I haven’t watched Cowboy Bebop in years, though, or ever finished it. Sorry to disappoint.

I’m called Annwyd and I’m going to write about anime here. Primarily anime. Some Japanese games, too (and a few North American or European games influenced by Japanese ones), and now and then some manga.

There are links up top that will tell you what I’ve already watched and what I intend to (and what I’ve read/intend to read, and what I’ve played/intend to play). You can use them if you want.

I don’t have any academic background in this, and I don’t have the greatest attention span in the world, which means that you’re not really going to find any serious expertise and rigorous research here. But I think I can come up with interesting insights now and again.

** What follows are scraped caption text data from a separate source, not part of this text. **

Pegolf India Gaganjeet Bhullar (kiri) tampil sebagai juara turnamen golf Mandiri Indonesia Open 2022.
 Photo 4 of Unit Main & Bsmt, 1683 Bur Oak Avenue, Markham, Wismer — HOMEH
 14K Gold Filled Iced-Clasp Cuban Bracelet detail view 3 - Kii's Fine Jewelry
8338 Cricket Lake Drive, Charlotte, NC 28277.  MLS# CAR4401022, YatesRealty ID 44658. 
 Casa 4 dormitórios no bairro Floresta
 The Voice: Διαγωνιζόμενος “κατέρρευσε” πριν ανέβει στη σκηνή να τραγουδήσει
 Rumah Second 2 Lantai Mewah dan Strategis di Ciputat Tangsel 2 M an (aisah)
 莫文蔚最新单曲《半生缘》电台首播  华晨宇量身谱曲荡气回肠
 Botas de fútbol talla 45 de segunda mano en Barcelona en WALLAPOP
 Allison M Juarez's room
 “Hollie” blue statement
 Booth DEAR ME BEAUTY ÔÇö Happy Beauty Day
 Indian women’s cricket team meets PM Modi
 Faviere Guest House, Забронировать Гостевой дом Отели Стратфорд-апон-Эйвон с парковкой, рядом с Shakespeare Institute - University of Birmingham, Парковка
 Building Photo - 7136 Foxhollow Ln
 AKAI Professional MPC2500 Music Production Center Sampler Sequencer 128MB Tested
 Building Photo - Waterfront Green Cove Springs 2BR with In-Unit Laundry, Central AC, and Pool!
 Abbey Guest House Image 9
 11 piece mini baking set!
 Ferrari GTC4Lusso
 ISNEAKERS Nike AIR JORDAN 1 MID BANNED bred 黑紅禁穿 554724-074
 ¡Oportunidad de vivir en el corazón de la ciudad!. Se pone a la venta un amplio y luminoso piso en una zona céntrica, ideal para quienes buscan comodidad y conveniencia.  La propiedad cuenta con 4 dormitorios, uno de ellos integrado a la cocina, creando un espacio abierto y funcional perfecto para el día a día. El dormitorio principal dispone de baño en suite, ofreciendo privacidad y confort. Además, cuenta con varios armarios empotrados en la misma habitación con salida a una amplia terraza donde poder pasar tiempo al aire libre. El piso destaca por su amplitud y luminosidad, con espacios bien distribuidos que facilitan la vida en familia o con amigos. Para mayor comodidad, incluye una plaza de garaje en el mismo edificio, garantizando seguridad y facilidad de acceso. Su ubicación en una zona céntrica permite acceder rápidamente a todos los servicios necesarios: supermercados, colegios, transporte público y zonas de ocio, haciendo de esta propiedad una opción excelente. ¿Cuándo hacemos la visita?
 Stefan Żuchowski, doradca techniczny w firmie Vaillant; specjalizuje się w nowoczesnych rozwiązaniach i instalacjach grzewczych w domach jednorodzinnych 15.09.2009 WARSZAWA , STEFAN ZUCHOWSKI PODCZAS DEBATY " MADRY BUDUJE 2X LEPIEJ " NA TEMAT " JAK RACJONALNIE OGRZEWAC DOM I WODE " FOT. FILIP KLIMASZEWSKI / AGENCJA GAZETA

So I’d like to talk about the way we engage with anime (and associated media) as fans, and how we find meaning in them. My interests include mecha anime and space opera in general, the history of gender and depictions of it in anime and manga, relationship dynamics, and melodrama. I’ll write things about those. Some of them will be reviews of specific works, and some of them will be odder musings. All of them will be kind of pretentious. Enjoy the ride.

Disclaimer: I don’t think Gundam SEED was very good, but I enjoyed it anyway. It helps that I didn’t watch Destiny.

You probably shouldn’t say bad things about Nia Teppelin or Sheryl Nome around here.